Selbst wenn die Politiker guten Willens wären, hätten sie einen schweren Stand: Lhasa ist eine überforderte Stadt, Schauplatz einer gewaltigen urbanen Explosion. Mittlerweile ist die Bevölkerung im Großraum Lhasa auf 470000 Bewohner angewachsen. Rund um die Altstadt wuchern unaufhörlich chinesische Kolonien: Linealgerade Straßen-Schneisen greifen weit hinaus in die Hochebene, "breit genug", flüstert ein Tibeter, "für drei Panzer nebeneinander". Entlang des Asphalts staffeln sich Einheitsschachteln mit den immer gleichen, billigen Fassaden aus weißen Fliesen und blau getönten Fenstern - architektonisch ein einziger Albtraum.
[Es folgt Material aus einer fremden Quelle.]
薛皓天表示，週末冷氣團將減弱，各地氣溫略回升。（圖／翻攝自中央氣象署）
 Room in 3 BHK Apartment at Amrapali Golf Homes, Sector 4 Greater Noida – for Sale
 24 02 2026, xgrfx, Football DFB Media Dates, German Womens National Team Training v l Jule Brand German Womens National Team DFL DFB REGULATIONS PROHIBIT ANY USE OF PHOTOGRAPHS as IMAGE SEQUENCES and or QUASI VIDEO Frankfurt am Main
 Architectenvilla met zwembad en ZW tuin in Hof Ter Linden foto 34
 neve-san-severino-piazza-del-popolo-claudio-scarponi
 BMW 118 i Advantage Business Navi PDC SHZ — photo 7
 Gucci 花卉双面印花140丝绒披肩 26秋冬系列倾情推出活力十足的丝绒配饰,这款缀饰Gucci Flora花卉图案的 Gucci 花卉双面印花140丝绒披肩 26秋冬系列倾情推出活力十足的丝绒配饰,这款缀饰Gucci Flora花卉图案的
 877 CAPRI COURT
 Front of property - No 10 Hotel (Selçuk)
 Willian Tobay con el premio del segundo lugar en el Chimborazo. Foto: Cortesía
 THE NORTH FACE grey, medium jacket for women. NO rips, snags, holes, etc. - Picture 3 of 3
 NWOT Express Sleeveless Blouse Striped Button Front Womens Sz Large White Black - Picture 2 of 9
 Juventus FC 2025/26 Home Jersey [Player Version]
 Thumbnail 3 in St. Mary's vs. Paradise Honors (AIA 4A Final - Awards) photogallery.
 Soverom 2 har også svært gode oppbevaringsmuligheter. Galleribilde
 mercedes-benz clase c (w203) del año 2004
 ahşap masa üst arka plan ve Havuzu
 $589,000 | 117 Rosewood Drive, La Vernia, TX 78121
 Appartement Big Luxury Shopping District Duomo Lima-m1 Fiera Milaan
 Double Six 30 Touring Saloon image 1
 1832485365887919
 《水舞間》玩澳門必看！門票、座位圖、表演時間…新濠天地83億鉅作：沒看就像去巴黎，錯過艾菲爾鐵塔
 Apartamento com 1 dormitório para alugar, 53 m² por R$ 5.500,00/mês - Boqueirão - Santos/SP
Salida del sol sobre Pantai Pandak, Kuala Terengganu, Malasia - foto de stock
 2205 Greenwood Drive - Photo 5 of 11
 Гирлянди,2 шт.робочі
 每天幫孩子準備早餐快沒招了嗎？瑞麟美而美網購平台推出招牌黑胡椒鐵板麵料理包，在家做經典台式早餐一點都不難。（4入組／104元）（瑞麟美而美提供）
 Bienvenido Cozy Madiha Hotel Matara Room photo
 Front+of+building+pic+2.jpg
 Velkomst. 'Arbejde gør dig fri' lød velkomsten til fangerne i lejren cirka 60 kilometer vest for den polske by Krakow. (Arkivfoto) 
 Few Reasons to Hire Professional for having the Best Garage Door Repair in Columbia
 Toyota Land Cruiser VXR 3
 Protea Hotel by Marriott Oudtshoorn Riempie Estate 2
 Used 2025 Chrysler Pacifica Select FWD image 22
Die Tibeter sind zur Minderheit in der eigenen Stadt geworden. Jeden Sommer saugt Lhasa zusätzlich rund 100000 chinesische Arbeitssuchende auf. Tausende chinesische Prostituierte finden unter ihnen Kundschaft, die "Insel der Räuber" im Kyi-Fluss mit ihren schmuddeligen Karaoke-Bars gilt als einer der größten Bordellbezirke der Erde.

Zum Jahresende 2007 wird eine Eisenbahnstrecke Lhasa noch enger an China binden und die Metropole weiter aufblähen, nach offiziellen Plänen soll sich die Fläche bis zum Jahre 2015 vervierfachen. Dann wird die Stadt das gesamte staubige Tal ausfüllen - urbaner Größenwahn in dieser ökologisch fragilen Gebirgswelt.

Vor allem aber belastet der Wirtschaftsboom die Seele der Tibeter. Er erniedrigt sie, ganz unmittelbar: Je größer China wird, desto kleiner werden sie. Der chinesische Aufstieg führt ihnen täglich die eigene Ohnmacht vor Augen. Unablässig übertragen die inzwischen rund 80 chinesischen Fernsehkanäle die Errungenschaften der Modernisierung, die Hochhausgebirge von Shanghai und Chongqing, die Autobahnknoten um Beijing, die High-Tech-Industrien von Shenzhen. Die Bilder bieten eine weitaus faszinierendere - und bedrückendere - Propaganda als die Aufmärsche der Vergangenheit. Voll Widerwillen machen sich viele Tibeter mit dem Gedanken vertraut, dass sie ihre Freiheit von der Supermacht China auf absehbare Zeit nicht erlangen werden.

Es macht sich müder Pragmatismus breit, auch in der Stadtplanung. Was kommt nach der Altstadt, fragt ketzerisch ein Architekt, der ebenfalls nicht genannt werden möchte. Wie könnte eine moderne tibetische Architektur aussehen: pseudo-traditionelle Fassaden über Betongerippe, so wie es derzeit üblich ist? Oder müssen radikal neue Entwürfe her - doch wer sollte sie zeichnen in einem Land, in dem es erst seit wenigen Monaten eine Universitätsfakultät für Architekten gibt und viel zu wenige einheimische Ingenieure?

Die Architektur spiegelt das Dilemma des modernen Tibet: Der Widerstand gegen die übermächtigen Chinesen weicht auf, aber was als neues Selbstverständnis an dessen Stelle treten soll, ist unklar.

Am Tag nachdem die Bewohner des Hauses Pomdatsang ihre Wohnungen verlassen haben, brechen Bauarbeiter die Türen heraus. Die Zeitung "China Daily" berichtet, die Stadt Lhasa habe ein neues Wohnungsbauprogramm beschlossen. Eine ungenannte Zahl von Häusern werde "renoviert", das heißt: ersetzt durch Betonbauten. Das Programm dürfte die Altstadt endgültig auslöschen. André Alexander hatte bis zuletzt gehofft, sein Sanierungsprojekt in Lhasa wiederaufnehmen zu können. Als er in Beijing von der Zeitungsmeldung erfährt, sagt er nur: "Also doch."